[Devel] Re: [PATCH 4/6] cr: checkpoint and restore task credentials

Oren Laadan orenl at cs.columbia.edu
Wed May 20 09:54:56 PDT 2009



Serge E. Hallyn wrote:
> This patch adds the checkpointing and restart of credentials
> (uids, gids, and capabilities) to Oren's c/r patchset (on top
> of v14).  It goes to great pains to re-use (and define when
> needed) common helpers, in order to make sure that as security
> code is modified, the cr code will be updated.  Some of the
> helpers should still be moved (i.e. _creds() functions should
> be in kernel/cred.c).
> 
> When building the credentials for the restarted process, I
> 1. create a new struct cred as a copy of the running task's
> cred (using prepare_cred())
> 2. always authorize any changes to the new struct cred
> based on the permissions of current_cred() (not the current
> transient state of the new cred).
> 
> While this may mean that certain transient_cred1->transient_cred2
> states are allowed which otherwise wouldn't be allowed, the
> fact remains that current_cred() is allowed to transition to
> transient_cred2.
> 
> The reconstructed creds are applied to the task at the very
> end of the sys_restart call.  This ensures that any objects which
> need to be re-created (file, socket, etc) are re-created using
> the creds of the task calling sys_restart - preventing an unpriv
> user from creating a privileged object, and ensuring that a
> root task can restart a process which had started out privileged,
> created some privileged objects, then dropped its privilege.
> 
> With these patches, the root user can restart checkpoint images
> (created by either hallyn or root) of user hallyn's tasks,
> resulting in a program owned by hallyn.

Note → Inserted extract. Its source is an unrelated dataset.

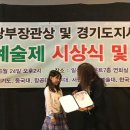 성사초등학교 이미지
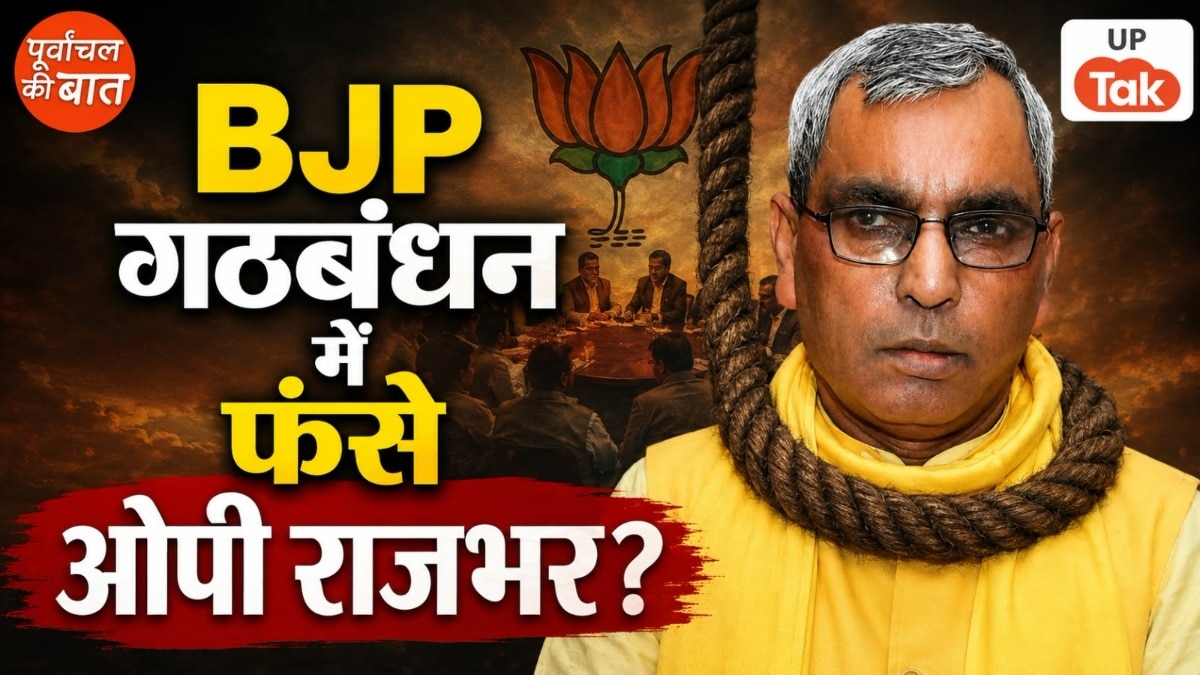 बीजेपी के साथ गठबंधन में फंस गए हैं ओपी राजभर? अखिलेश यादव ने सुभासपा के लिए की ये बड़ी भविष्यवाड़ी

In this case, it is necessary to ensure that all resources created
during the restart are properly owned. You do take care of open
files (next patch); can you also add a patch for IPC ?

> 
> Plenty of bugs to be found, no doubt.
> 
> Changelog:
> 	May 18: fix more refcounting: if (userns 5, uid 0) had
> 		no active tasks or child user_namespaces, then
> 		it shouldn't exist at restart or it, its namespace,
> 		and its whole chain of creators will be leaked.
> 	May 14: fix some refcounting:
> 		1. a new user_ns needs a ref to remain pinned
> 		   by its root user
> 		2. current_user_ns needs an extra ref bc objhash
> 		   drops two on restart
> 		3. cred needs a ref for the real credentials bc
> 		   commit_creds eats one ref.
> 	May 13: folded in fix to userns refcounting.
> 
> Signed-off-by: Serge E. Hallyn <serue at us.ibm.com>
> ---

[...]

> @@ -290,6 +396,18 @@ static struct ckpt_obj *obj_find_by_ptr(struct ckpt_ctx *ctx, void *ptr)
>  	return NULL;
>  }
>  
> +/*
> + * look up an obj and return objref if in hash, else
> + * return 0.  Used during checkpoint.
> + */
> +int obj_lookup_dontadd(struct ckpt_ctx *ctx, void *ptr)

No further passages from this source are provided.